I point at her sternly, "Careful."

"To hell with your careful! What are you gonna do? Beat me? Yeah, well I've taken those from you before. You just gonna keep me locked up in your basement forever? What do you want from me J?"

"You shouldn't tell her."

"But maybe you should."

"You're a weak fool."

I grasp at my head as my voices throw in their ten cents worth. I take a deep breath but stay unmoved. "I want redemption. I want you to understand everything I did. I want to hear you say that you still love me."

"It'll be a cold day in hell!" She shouts at me.

I quickly jump to my feet. She flinched as if she thought I would hit her. She...feared me. "You broke our vows Harley. You broke my heart."

"You don't have a heart!"

I glare at her, "Don't make me be heartless."

"Where is she J? Where is Lucy?"

"She's in Gotham. She always has been," I answer.

"Why did you bring me here J?"

I didn't know what to say. Do I tell her I did it because I wanted to be near her. That I just wanted to touch her? That I wanted to pretend that my wife still loved me? Do I tell her Lucy is here? Do I tell her that she's dying? Maybe I should tell her the truth.
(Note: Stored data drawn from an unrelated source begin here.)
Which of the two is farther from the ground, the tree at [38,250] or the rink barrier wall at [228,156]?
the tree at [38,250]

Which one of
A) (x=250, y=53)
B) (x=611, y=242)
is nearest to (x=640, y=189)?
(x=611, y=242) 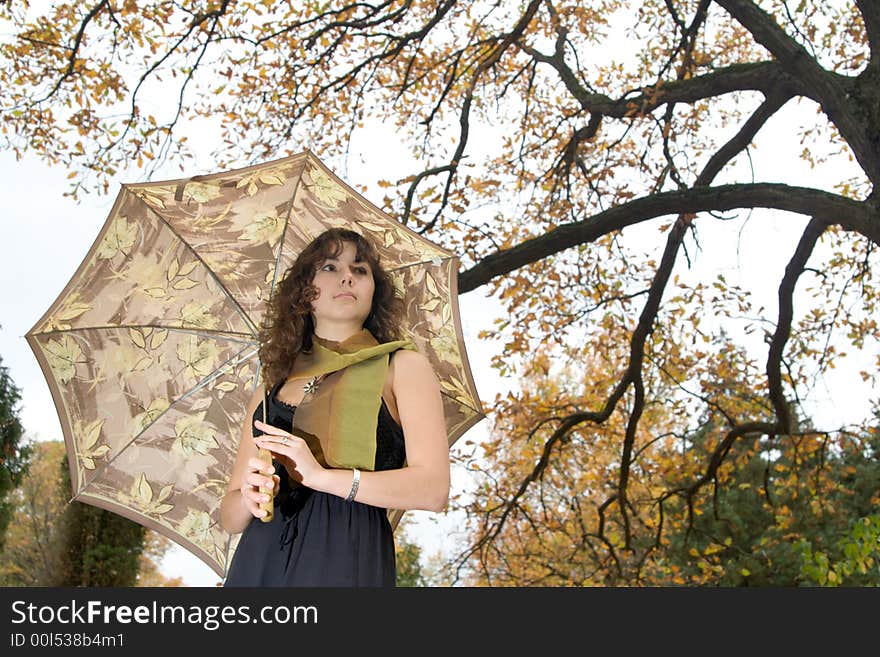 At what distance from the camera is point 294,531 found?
88.1 inches

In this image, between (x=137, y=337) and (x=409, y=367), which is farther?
(x=137, y=337)

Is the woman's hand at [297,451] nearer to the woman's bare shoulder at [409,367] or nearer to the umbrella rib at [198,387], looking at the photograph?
the woman's bare shoulder at [409,367]

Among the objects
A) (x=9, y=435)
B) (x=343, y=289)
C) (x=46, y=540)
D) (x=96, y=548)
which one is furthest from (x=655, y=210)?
(x=46, y=540)

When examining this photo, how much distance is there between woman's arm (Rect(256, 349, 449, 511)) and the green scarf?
0.23 ft

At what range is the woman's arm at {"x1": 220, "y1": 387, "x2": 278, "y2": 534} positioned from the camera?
210 centimetres

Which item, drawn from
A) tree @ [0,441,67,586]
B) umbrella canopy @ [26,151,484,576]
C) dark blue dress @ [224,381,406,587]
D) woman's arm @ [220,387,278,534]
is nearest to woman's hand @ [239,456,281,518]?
woman's arm @ [220,387,278,534]

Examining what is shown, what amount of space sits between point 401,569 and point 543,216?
755 cm

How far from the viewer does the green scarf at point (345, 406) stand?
2.25 meters

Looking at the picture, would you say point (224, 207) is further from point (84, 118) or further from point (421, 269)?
point (84, 118)

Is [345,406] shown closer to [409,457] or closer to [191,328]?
[409,457]

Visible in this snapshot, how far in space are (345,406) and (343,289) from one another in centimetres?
44

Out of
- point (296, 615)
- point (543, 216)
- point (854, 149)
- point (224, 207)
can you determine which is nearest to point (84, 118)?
point (543, 216)

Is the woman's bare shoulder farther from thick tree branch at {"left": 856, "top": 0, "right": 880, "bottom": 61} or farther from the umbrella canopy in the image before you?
thick tree branch at {"left": 856, "top": 0, "right": 880, "bottom": 61}

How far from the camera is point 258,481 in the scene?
2.10 m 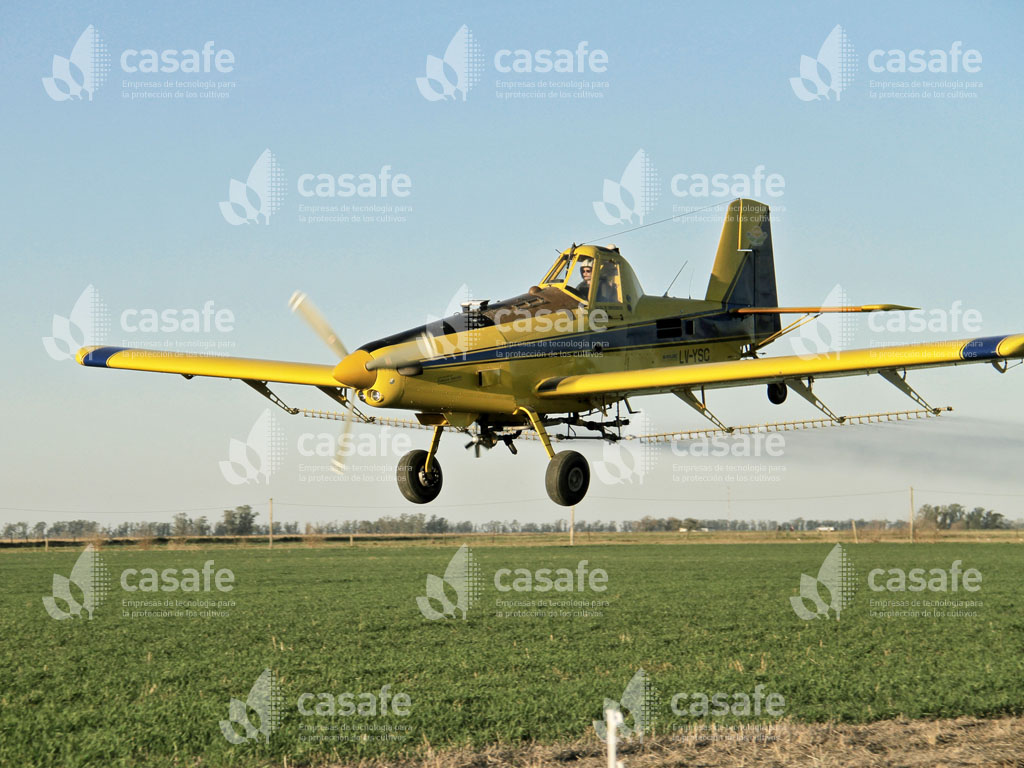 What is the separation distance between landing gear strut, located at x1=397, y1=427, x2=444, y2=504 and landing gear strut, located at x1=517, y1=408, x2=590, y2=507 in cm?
183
"If I knew I could trust you there would be no need for all this," I motion around at the cell. I walk out and the door lowers. I stand on the outside looking in at Harley. "She's dying Harley. Lucy is dying. I keep trying to save her...I don't know if I can."

"What? What do you mean? Where is she? What's wrong with Lucy?!" Harley rushed to the glass and bangs on it.

I can't even look at her. "PH760-9 is what's wrong with her. The fact that she was conceived by you and I is what's wrong with her."

"Does she know about us? About PH760-9?"

I slowly look up at her and slide my hands into my pockets. I nod slightly. "She knows."